Jellybird is an exciting read […] It reminded me very much of Nicci French’s work and Anna Raverat’s chilling debut Signs of Life. It’s dark and unsettling, but it never sways from its course: a dramatic, often nail-biting, story told in a clear, heartfelt voice.
This is a nail-biting debut full of twists and betrayal – an author to look out for again.
[Jellybird is] a book I would recommend to anybody looking for intrigue and mystery, but particularly to fans of Erin Kelly’s novels – it reminded me a little of The Sick Rose. This is Lezanne Clannachan’s debut novel, and it has made me very interested to see what she’ll come up with next.
An enjoyable, surprising novel with a very striking writing style… The plot is gripping…
My first book – Jellybird – began to write itself as I travelled home after my last day at work. With my coat no longer closing over my eight month belly and no proffered seats, I took train, tube and bus from Surbiton to Islington and never noticed a moment’s discomfort; I had been transported to a desolate, windswept beach where a girl stood looking out to sea; an image that had haunted me for years. Instead of spending my first day of maternity leave washing and ironing muslins, as planned, I bought a pad from the local newsagent’s and wrote all day.

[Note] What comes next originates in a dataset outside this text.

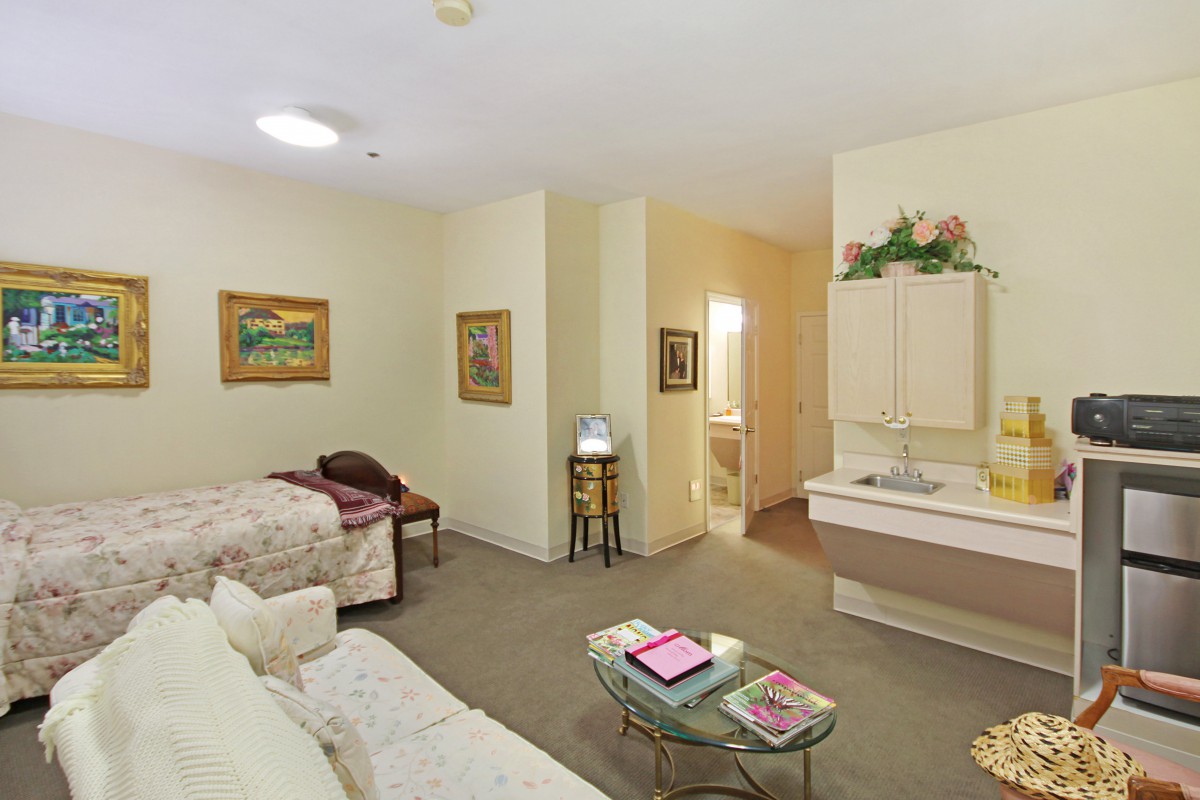 A cozy living space with a sofa, bed, and decorative elements.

There was something liberating about the permission to spend time in my own space. I was excused from the duty of late night working, late night drinking. As I decorated the nursery with stuffed toys and pastel cartoon wallpaper, my imagination freed itself from the adult constraints of deadline, budget and clock-racing.
Obsessions and fascinations rose to the surface as the Jellybird seed stuck and thrived. The question of what constitutes infidelity hounded me – did it have to be a physical act of betrayal or merely that first, unrealised whisper of attraction? Adolescent passion was apparently another of my absorptions. What would happen, I asked myself, if it wasn’t allowed to follow its natural course and peter out? Would this overblown, candyfloss emotion mutate into something more enduring, damaging even? I threw these problems at the girl on the beach, giving her more reason than ever to stand, alone and lost, by the water’s edge.

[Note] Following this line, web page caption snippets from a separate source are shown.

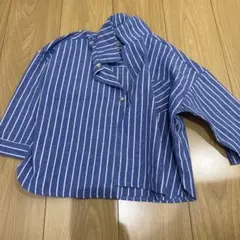 キッズ 長袖シャツ ストライプ柄 襟付き　110 ペアマノンストリート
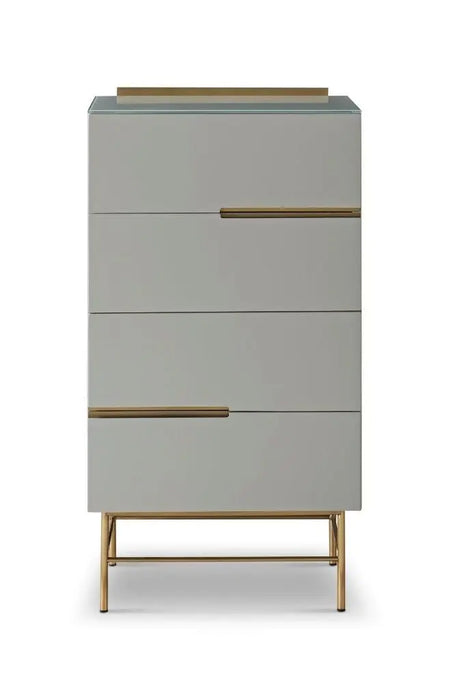 Alberto Narrow Chests Of Four Drawer White Matt Lacquer-Cheshire Furniture Outlet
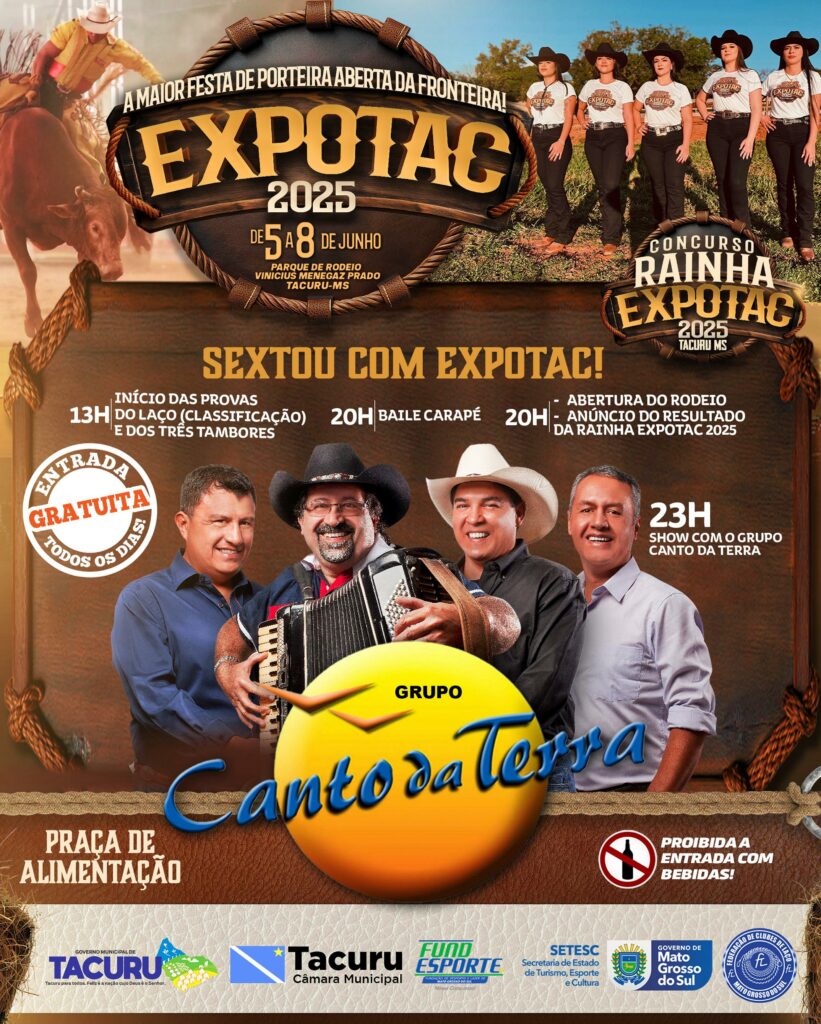 Anúncio da Rainha Expotac 2025 e rodeio em touros marcam a abertura oficial de exposição nesta sexta-feira (6)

The story, like a cuckoo’s ravenous chick, grew and grew. Whilst I wallowed in the milk and talc of new motherhood, scenes played out in the back of my head. Every time my baby slept, I sat down to unburden myself from the gathered mass of words. I let the story run wild, unrestrained by planning or guidance. A feral thing that followed all its impulses. Years later, I would pay for the lack of discipline when I was faced with the problem of kicking it into shape.

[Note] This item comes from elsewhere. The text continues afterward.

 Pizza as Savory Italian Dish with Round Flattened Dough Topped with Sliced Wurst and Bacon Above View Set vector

I made the mistake – a common foible amongst new mothers – of talking endlessly about Jellybird. Over the next eight years my long suffering friends, family and considerate acquaintances enquired after Jellybird’s health and progress. Their polite enthusiasm was excruciating.
When my youngest child started nursery, I rounded on that manuscript. Paring and carving – whole scenes, characters, and plot lines falling away like whittled wood – until it became recognisably book-shaped. Then I sent it to a literary consultancy and promised myself I would read their report once before hiding the entire thing in a drawer and forgetting it for six months. What I hadn’t expected was the rush of renewed fervour I would experience on receiving a positive report.
Time accelerated. Within three months, the literary consultancy had introduced me to my agent. My agent then found a publisher. After those nine long years, the ‘actually happening’ of it all has left me reeling.
And what joy to finally have news for my long-suffering friends and family.